Quality Control’s studios is, first and foremost, a place of business. But according to signs posted around the building, the “house”—Quality Control co-founders Kevin “Coach K” Lee and Pierre “Pee” Thomas—gets 30 percent of all gambling winnings. Management may as well have called it the Lil Baby rule. “I’ve had so many dice in here from over time,” the rapper says. “I’ve had some crazy games in here—this room, that room, any room in here—with 12, 15, 20 people.”

Before last summer turned to fall, and his breakout hit “My Dawg” consistently filtered out of car windows in his native Atlanta neighborhood of West End, Baby wasn’t even rapping. He was too busy shooting craps as a full-time hobby to give any serious thought to anything outside of that. So six years ago when Coach K, who was introduced to Baby through Pee, told the teen that he should start rapping because he “got the swag for it,” he completely brushed off the idea.

Baby couldn’t see what they saw back then. He never could have imagined landing at the same label as Coach’s then-new clients Migos, or opening for PnB Rock this past spring. He couldn’t have predicted that, when Kevin Gates became a freed man in January, that the Baton Rouge rap stalwart would recite Baby’s own lyrics back to him over the phone (“This n***a knew the words to my songs,” Baby wrote on Instagram). He didn’t know how to bet on himself; not as he does now at 23.

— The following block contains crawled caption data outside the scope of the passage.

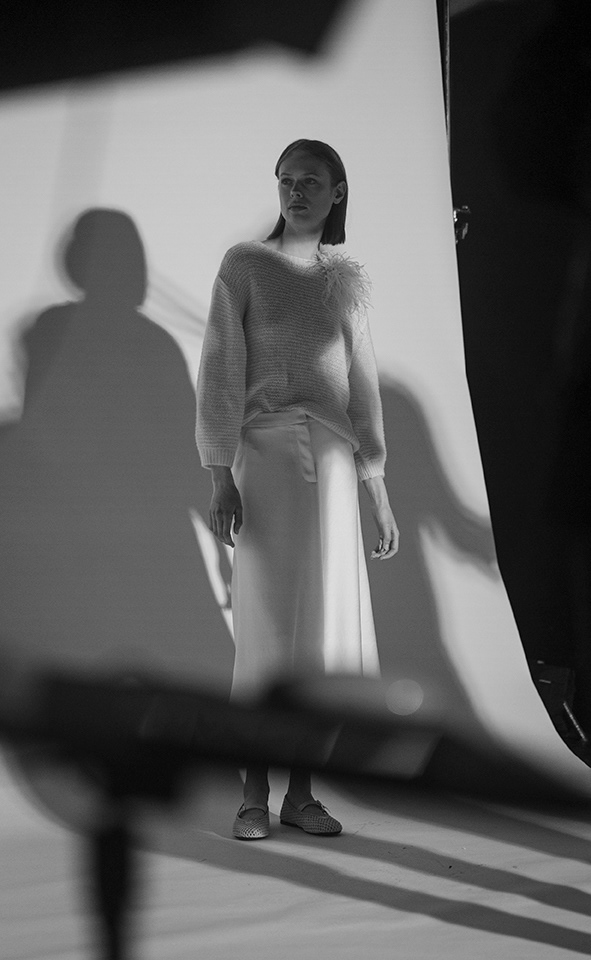 chwarz-weißes Studiofoto der LUISA CERANO Frühling/Sommer 2026: Model mit Bob-Haarschnitt in fedrigem Pullover und langem weißem Rock, mit Schatten und Ausrüstung im Bild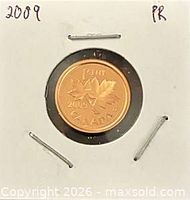 Reverse of 2009 Canadian proof 1-cent coin showing maple leaves, in holder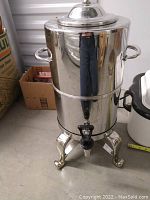 Front view of the large silver plated insulated urn showing spigot, side handles, lid, and curved legs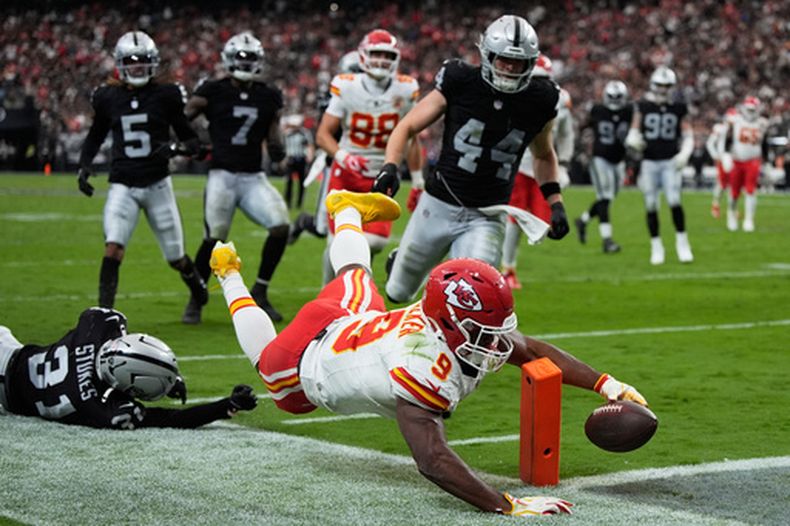 Kenneth Walker (9), corredor de los Chiefs de Kansas City, se lanza para conseguir un touchdown superando al profundo Treydan Stukes (31), de los Raiders de Las Vegas, durante la segunda mitad del partido de la NFL, el domingo 4 de octubre de 2026, en Las Vegas. (AP Foto/John Locher)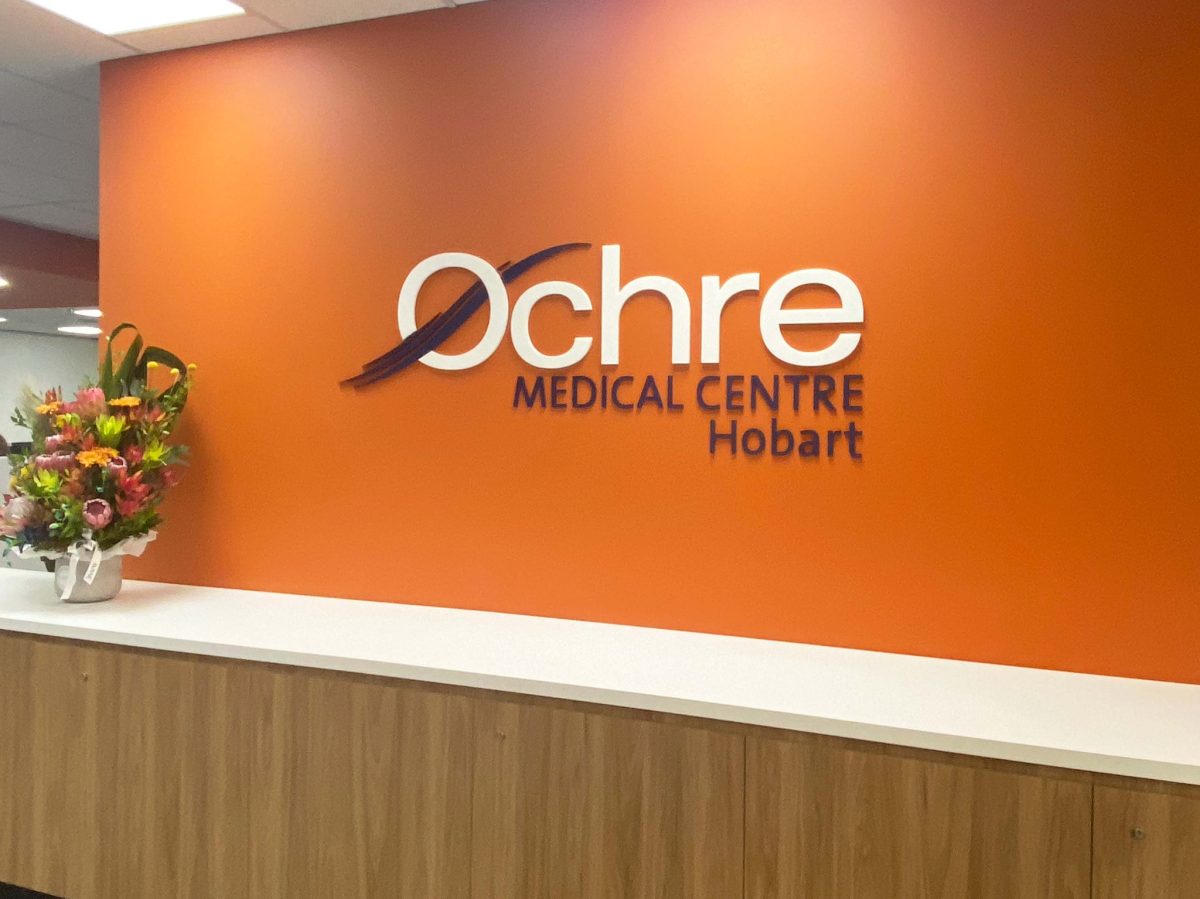 The entrance to the Ochre Medical Centre in Hobart, with an orange wall and sign of the logo up on it.
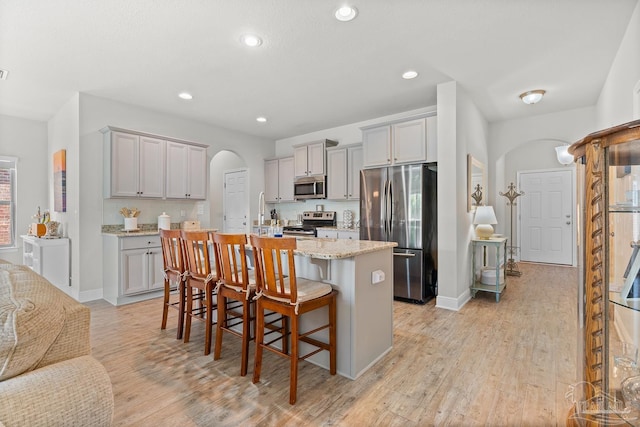 6347 Ladera Trl, Pace, FL 32571 - kitchen with stainless steel appliances, gray cabinetry, arched walkways, and recessed lighting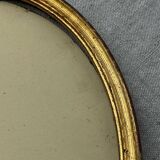 Old oval shaped wooden frame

“Growing up you ain’t even learn about the odds,” Baby says. “You just know it’s a hustle: Sometimes you win, sometimes you lose, you just try. But since I’ve been rapping, I’ve been so busy that I haven’t even been gambling that much. I used to always be in Atlanta, chilling. I didn’t really have as much to do. So I would gamble as a hobby. Now I’d rather go into the studio and try to make me a hit.”